EXERCISE AIM
In the records below, find the line with "تويوتا يارس Y" and the line with "Reitoria e diretoria"; return exactly those lines and every line between them.

DATASET ENTRIES below:

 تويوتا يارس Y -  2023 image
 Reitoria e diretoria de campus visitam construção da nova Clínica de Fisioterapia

End of DATASET ENTRIES.
DATASET ENTRIES below:

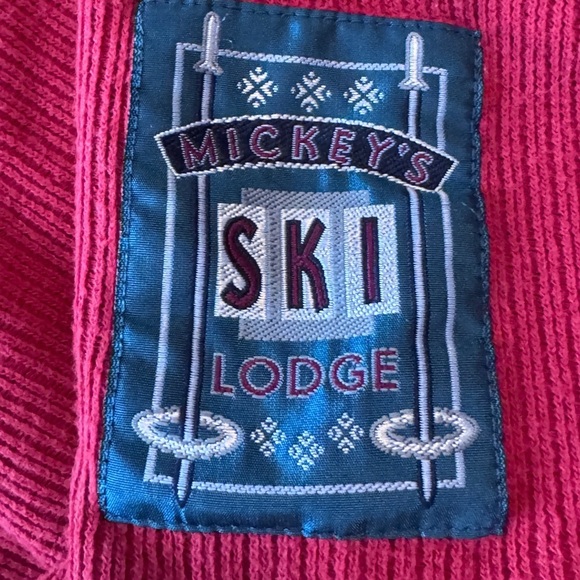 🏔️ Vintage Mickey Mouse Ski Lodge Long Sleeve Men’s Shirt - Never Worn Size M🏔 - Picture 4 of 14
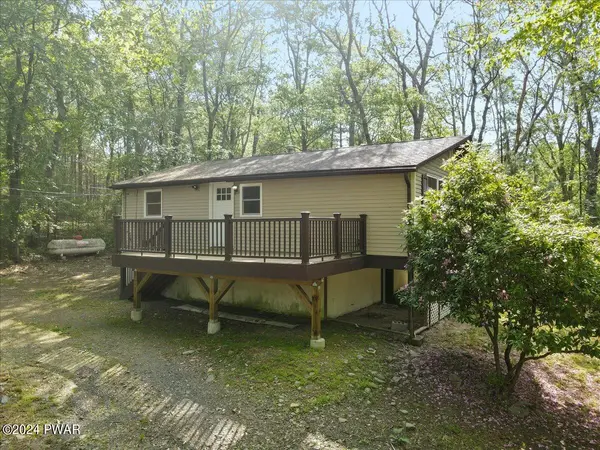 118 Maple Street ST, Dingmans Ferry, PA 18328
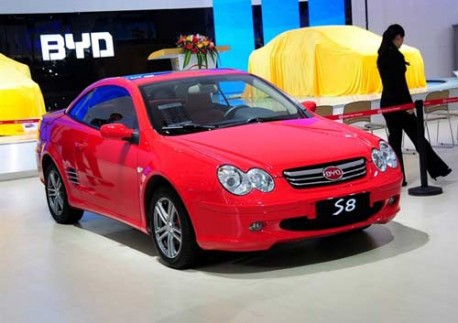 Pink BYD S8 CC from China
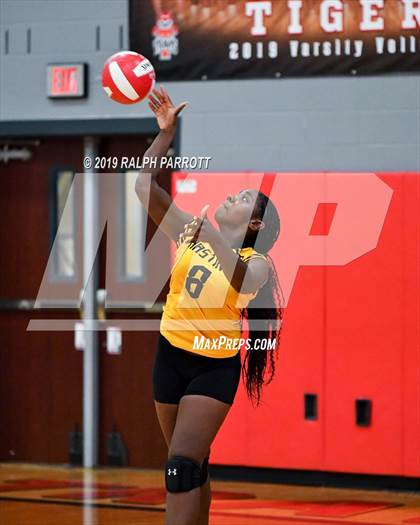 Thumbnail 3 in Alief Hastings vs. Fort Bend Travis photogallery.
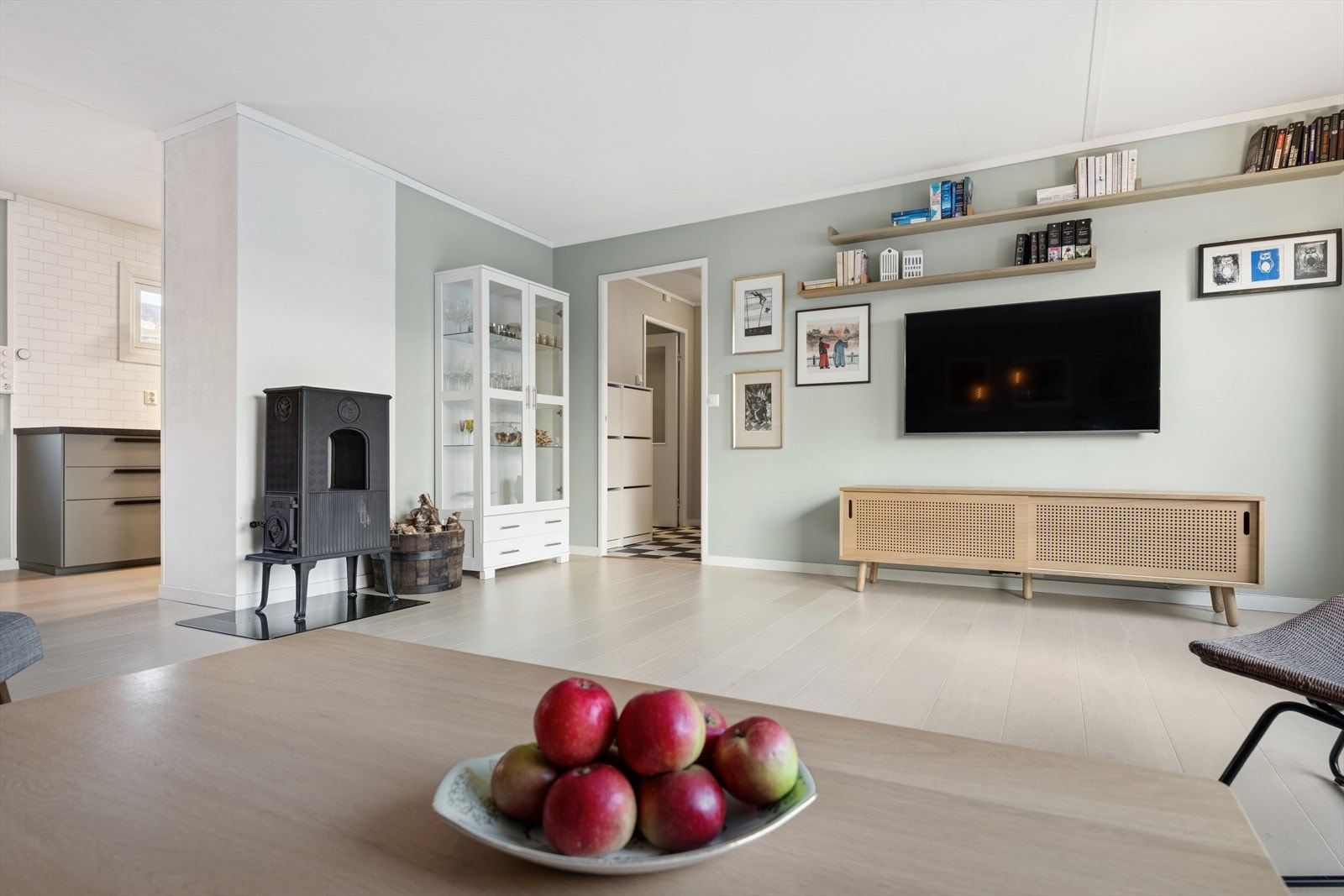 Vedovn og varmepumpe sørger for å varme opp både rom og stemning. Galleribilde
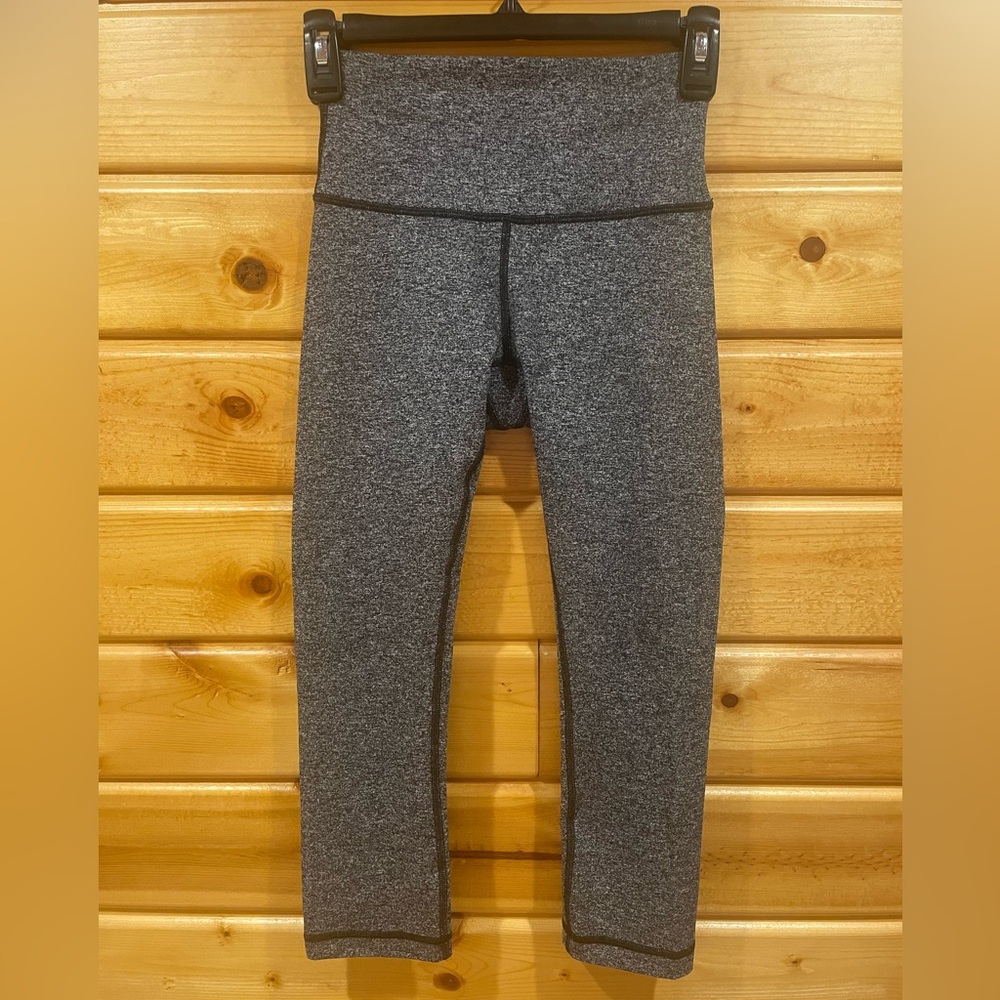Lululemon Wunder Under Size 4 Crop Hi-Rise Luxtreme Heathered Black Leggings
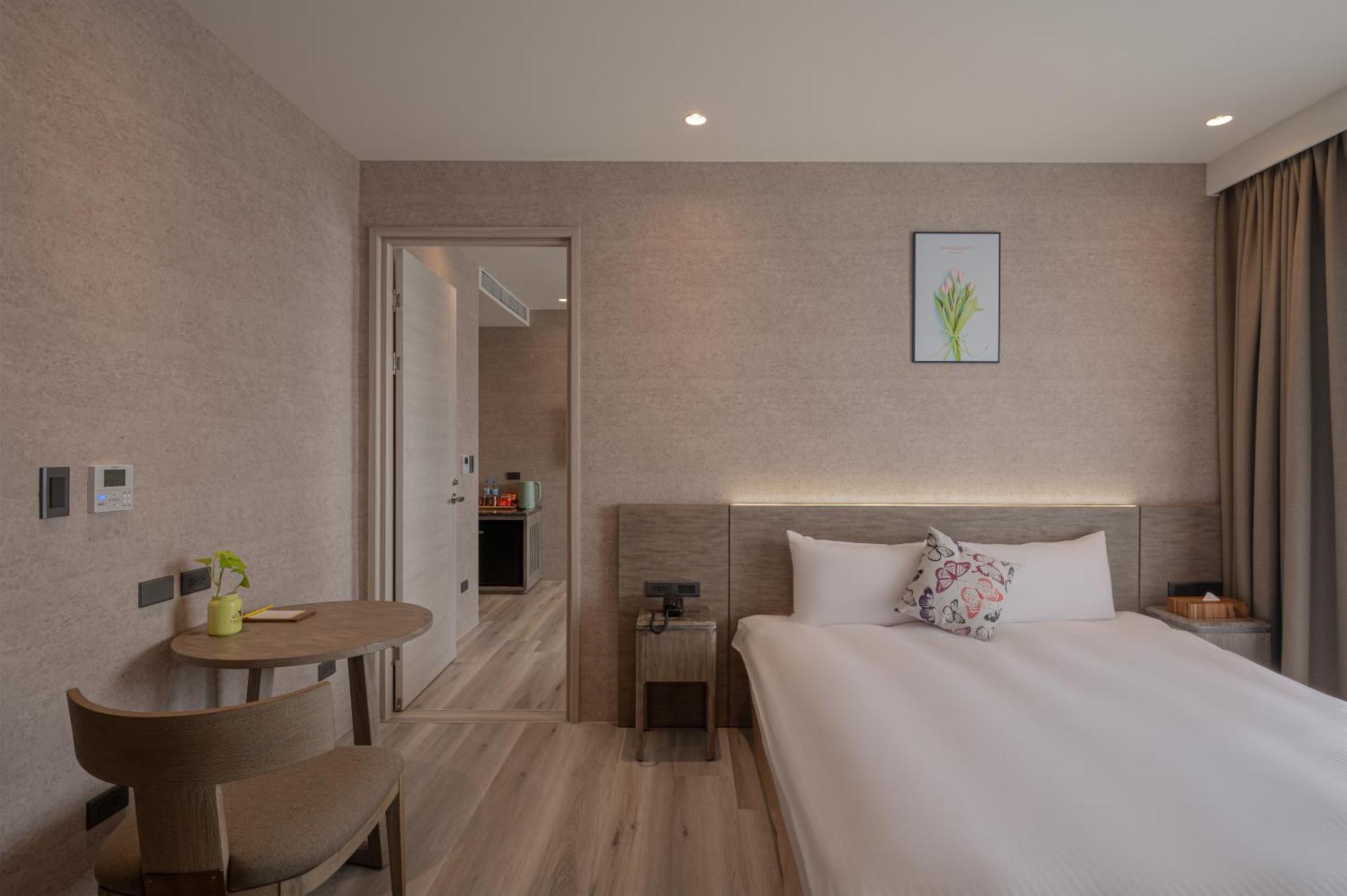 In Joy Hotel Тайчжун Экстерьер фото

End of DATASET ENTRIES.
DATASET ENTRIES below:

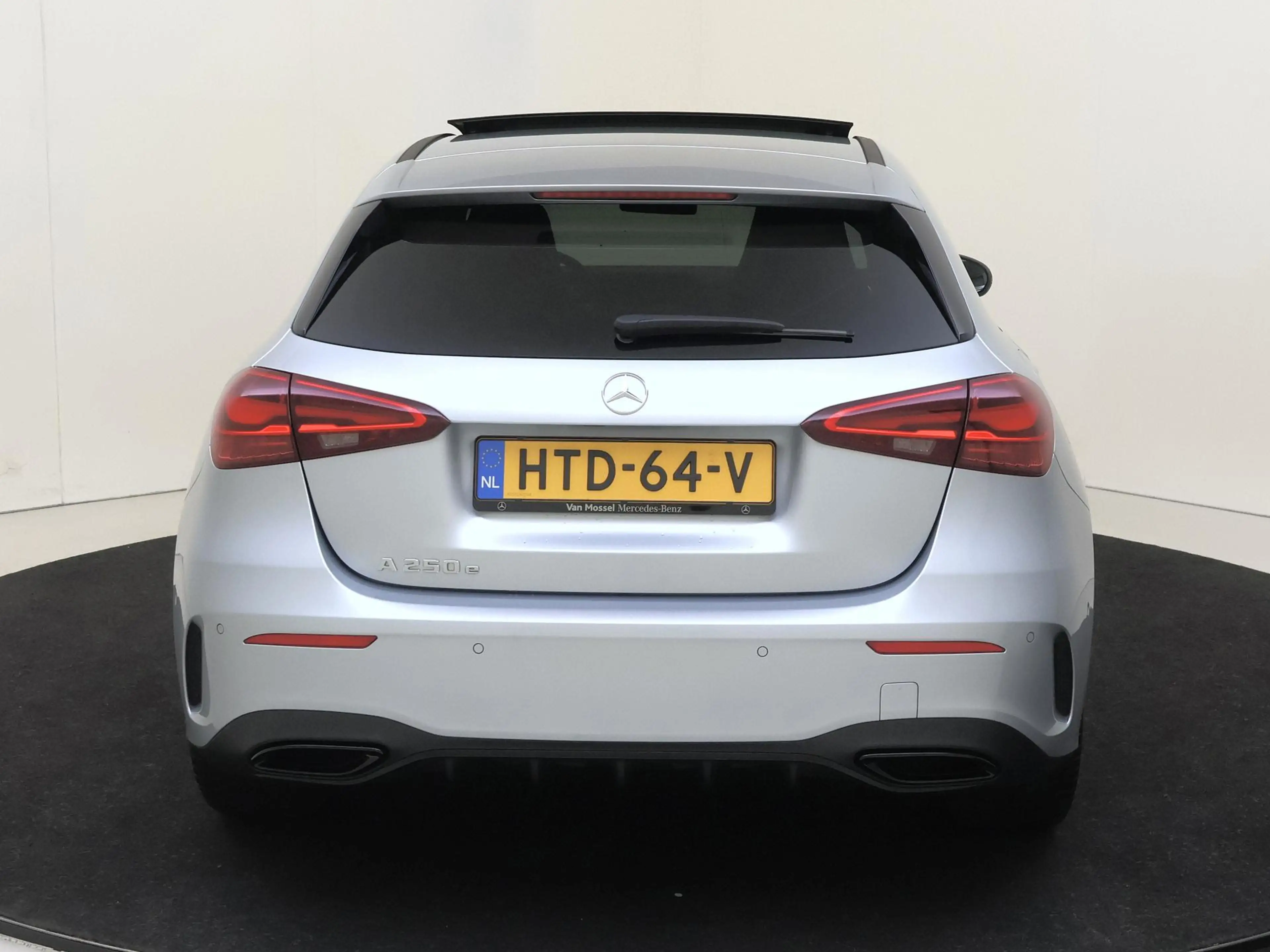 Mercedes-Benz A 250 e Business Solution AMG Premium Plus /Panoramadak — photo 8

End of DATASET ENTRIES.

RESPONSE TO THE EXERCISE
 تويوتا يارس Y -  2023 image
 Reitoria e diretoria de campus visitam construção da nova Clínica de Fisioterapia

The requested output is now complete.